ABOUT THIS TASK —
Will you output the entries below exactly, skipping every image they contain?

Records drawn from a dataset
━━━━━━

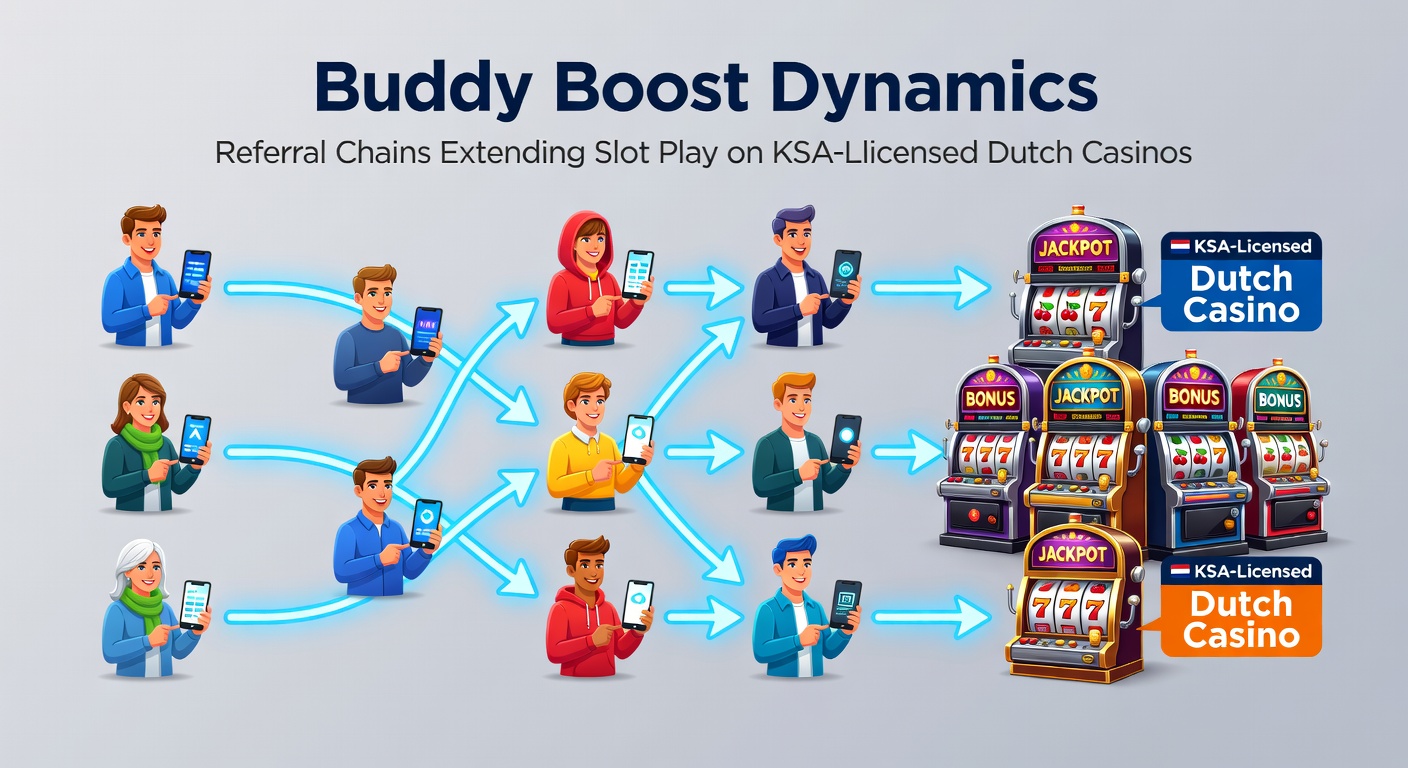 Spelers delen referral-codes bij slots in een Nederlands casino, met ketens die bonussen activeren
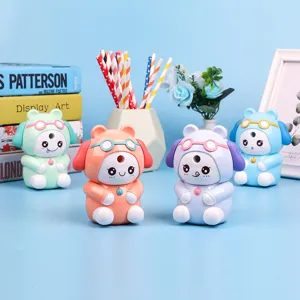 Cute cartoon dog pencil sharpener for kids, creative desktop stationery tool for school students.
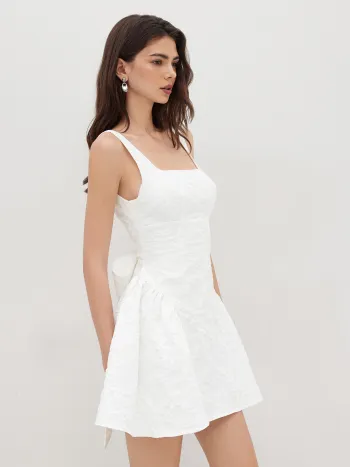 Jacquard U-neckline Floral Backless Bowknot Mini Dress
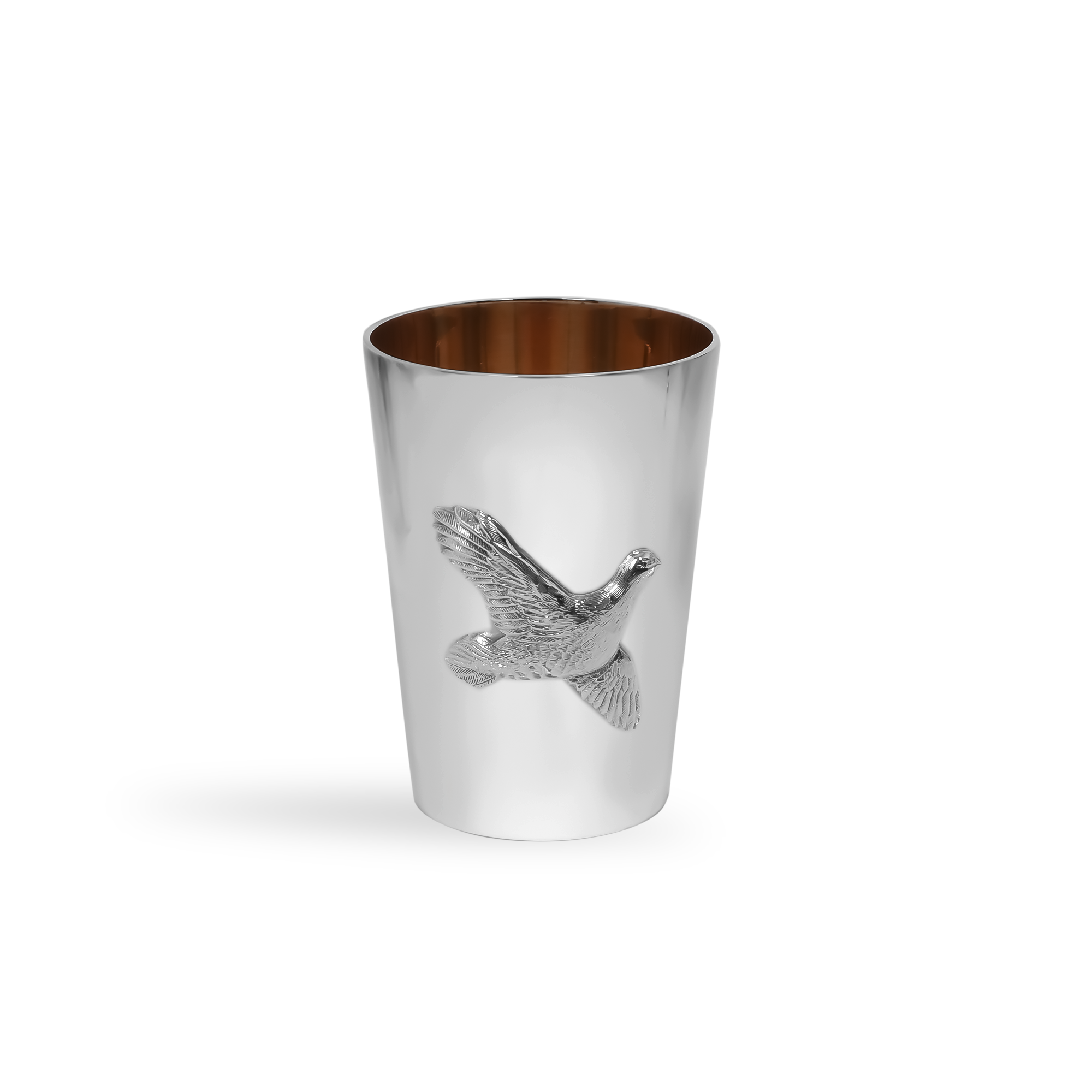 Silver Set of Ten Bird Motif Shooting Cup with Guilded Edge _7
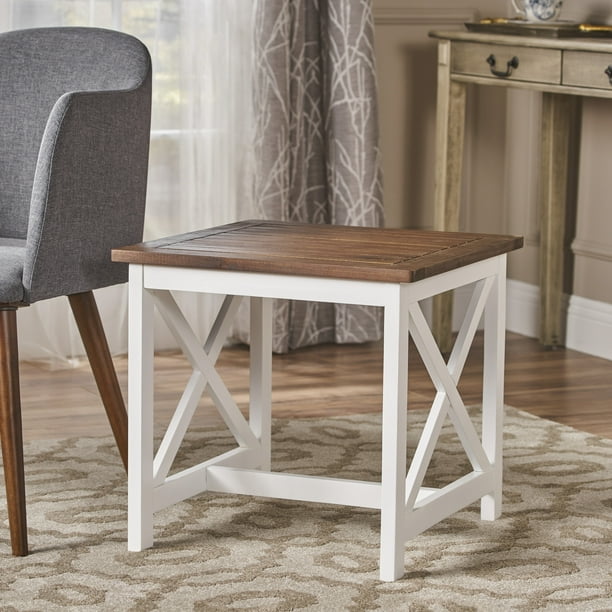Noble House Indoor Farmhouse Cottage Acacia Wood End Table with Frame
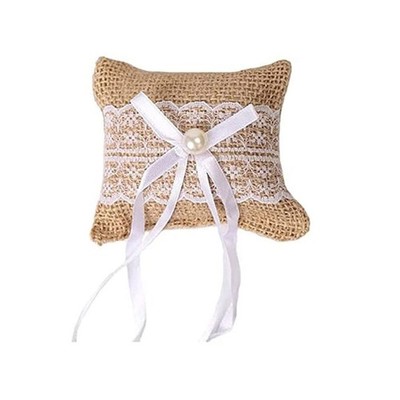 Bowknot Rings Bearer Square Lace Rings Pillow Holder for Beach Party Ceremony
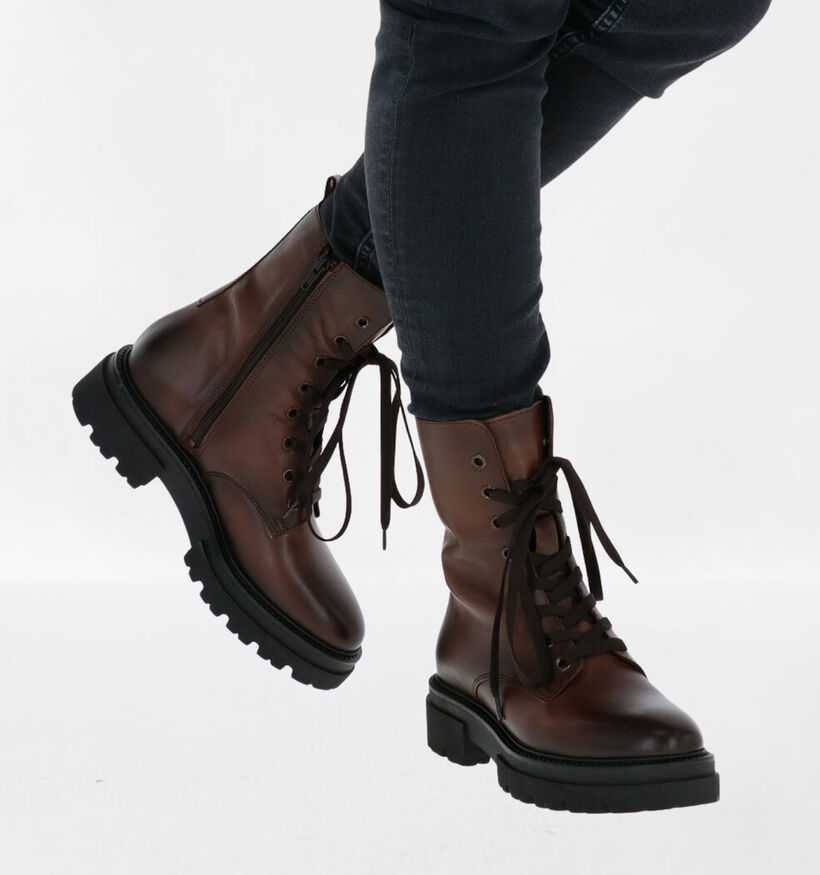 Tamaris Boots à lacets en Noir en cuir (290908)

━━━━━━

RESPONSE BOX —
 Spelers delen referral-codes bij slots in een Nederlands casino, met ketens die bonussen activeren
 Cute cartoon dog pencil sharpener for kids, creative desktop stationery tool for school students.
 Jacquard U-neckline Floral Backless Bowknot Mini Dress
 Silver Set of Ten Bird Motif Shooting Cup with Guilded Edge _7
Noble House Indoor Farmhouse Cottage Acacia Wood End Table with Frame
 Bowknot Rings Bearer Square Lace Rings Pillow Holder for Beach Party Ceremony
 Tamaris Boots à lacets en Noir en cuir (290908)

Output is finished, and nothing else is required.